Jemand Op.25-4 Myrten |
誰かさんに ミルテの花 |
Mein Herz ist betrübt,ich sag' es nicht, mein Herz ist betrübt um jemand; ich könnte wachen die längste Nacht, und immer träumen von jemand. O Wonne! Von jemand; O Himmel! Von jemand; durchstreifen könnt' ich die ganze Welt, aus Liebe zu jemand. Ihr Mächte,die ihr der Liebe hold, o lächelt freundlich auf jemand! Beschirmet ihn,wo Gefahren droh'n; gebt sicher Geleite dem jemand! O Wonne! dem jemand; O Himmel! dem jemand; Ich wollt',ich wollte,was wollt' ich nicht für meinen jemand! |
私の心は悲しいの、そのことは言わないけれど 私の心は悲しいの、誰かさんのせいで悲しい 私はどんな長い夜でも目覚めていることでしょう それでもいつも誰かさんの夢を見てる ああ 幸せよ! その誰かさんの夢で! ああ 天国よ! その誰かさんの夢で! 世界中でも探して回れるでしょう その誰かの愛を求めて お前たち力よ、愛を守っている力 おお その誰かに優しく微笑んであげてください その人を守ってあげてください、危険が迫ってるときは そしてその誰かさんを安全に導いてあげてください ああ 幸せよ! 誰かさんのため! ああ 天国よ! 誰かさんのために 私はするわ、私はするわ、私のしたくないことだって 私の誰かのためだったら! |
シューマンの26曲からなる歌曲集「ミルテの花」、様々な詩人の様々なスタイルからはる詩に曲をつけていますが、その中で一番取り上げられているのがスコットランドの詩人ロバート・バーンズのもので全部で8曲、全体の三分の一近くを占めています。他にもバイロンが2曲、トマス・ムーアが2曲といった具合でイギリス圏の詩人の詩に付けた歌が全体の半分近くを占めているのがひとつの特徴です。

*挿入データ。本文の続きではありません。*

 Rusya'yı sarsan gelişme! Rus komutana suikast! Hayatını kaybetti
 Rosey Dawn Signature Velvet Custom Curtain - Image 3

もともと花嫁クララに捧げるために書かれた歌曲集ではありますが、このバーンズによる曲はあまり花嫁に捧げるといった感じのしないものが多く、この歌曲集をを不思議なものにしています。この曲はそれでもまだ見ぬ未来の恋人に憧れている少女のつぶやきといった感じでかわいらしく、前曲の「くるみの木」から引き続き聴いても違和感のない美しい曲です。
ごくまれに男声によって歌われることもあるようですが、これはやはりうら若き乙女の歌のように私には聴こえます。なおこの曲、第22曲の「Niemand(誰にも)」とタイトルの上では対になっています。